=== Data supplied ===
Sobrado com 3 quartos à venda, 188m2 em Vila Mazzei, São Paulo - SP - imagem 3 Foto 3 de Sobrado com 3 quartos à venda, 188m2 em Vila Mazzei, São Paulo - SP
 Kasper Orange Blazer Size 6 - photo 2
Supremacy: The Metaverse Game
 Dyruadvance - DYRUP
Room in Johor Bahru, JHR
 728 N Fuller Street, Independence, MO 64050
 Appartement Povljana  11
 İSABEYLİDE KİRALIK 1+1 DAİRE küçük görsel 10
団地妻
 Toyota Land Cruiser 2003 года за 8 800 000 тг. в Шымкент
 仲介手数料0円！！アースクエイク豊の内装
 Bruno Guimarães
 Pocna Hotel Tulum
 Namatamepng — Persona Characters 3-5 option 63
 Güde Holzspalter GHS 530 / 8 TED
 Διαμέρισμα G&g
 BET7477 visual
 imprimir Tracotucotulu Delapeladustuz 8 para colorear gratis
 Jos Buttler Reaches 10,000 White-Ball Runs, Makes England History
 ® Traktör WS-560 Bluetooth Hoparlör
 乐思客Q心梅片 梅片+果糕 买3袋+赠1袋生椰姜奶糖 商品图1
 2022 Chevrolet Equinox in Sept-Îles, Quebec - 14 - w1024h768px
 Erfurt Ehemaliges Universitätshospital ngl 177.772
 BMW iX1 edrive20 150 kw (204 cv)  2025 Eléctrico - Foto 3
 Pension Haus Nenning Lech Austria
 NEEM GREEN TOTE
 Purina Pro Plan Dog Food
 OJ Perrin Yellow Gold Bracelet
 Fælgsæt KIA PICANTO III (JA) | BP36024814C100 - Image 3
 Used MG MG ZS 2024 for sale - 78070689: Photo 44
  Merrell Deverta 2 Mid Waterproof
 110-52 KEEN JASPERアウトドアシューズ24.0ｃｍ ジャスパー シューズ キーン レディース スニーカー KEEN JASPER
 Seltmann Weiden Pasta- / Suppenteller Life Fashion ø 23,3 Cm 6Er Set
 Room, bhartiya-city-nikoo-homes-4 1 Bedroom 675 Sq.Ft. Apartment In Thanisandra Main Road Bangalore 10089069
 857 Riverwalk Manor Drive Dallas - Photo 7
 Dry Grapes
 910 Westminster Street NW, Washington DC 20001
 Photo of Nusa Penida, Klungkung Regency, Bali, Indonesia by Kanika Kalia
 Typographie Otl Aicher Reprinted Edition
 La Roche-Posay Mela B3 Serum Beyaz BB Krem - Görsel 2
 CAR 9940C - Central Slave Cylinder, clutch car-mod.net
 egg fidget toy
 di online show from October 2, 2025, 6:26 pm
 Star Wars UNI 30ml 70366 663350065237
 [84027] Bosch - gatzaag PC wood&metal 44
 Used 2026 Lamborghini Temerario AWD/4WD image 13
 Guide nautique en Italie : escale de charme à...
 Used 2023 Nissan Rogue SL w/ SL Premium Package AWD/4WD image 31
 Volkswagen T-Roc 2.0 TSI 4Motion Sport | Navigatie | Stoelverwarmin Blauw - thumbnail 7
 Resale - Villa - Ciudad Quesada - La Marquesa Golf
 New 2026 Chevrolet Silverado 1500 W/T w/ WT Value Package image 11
===
Please reproduce the lines from the line with "Pocna Hotel Tulum" to the line with "Jos Buttler Reaches", both ends included, exactly as they appear above.

 Pocna Hotel Tulum
 Namatamepng — Persona Characters 3-5 option 63
 Güde Holzspalter GHS 530 / 8 TED
 Διαμέρισμα G&g
 BET7477 visual
 imprimir Tracotucotulu Delapeladustuz 8 para colorear gratis
 Jos Buttler Reaches 10,000 White-Ball Runs, Makes England History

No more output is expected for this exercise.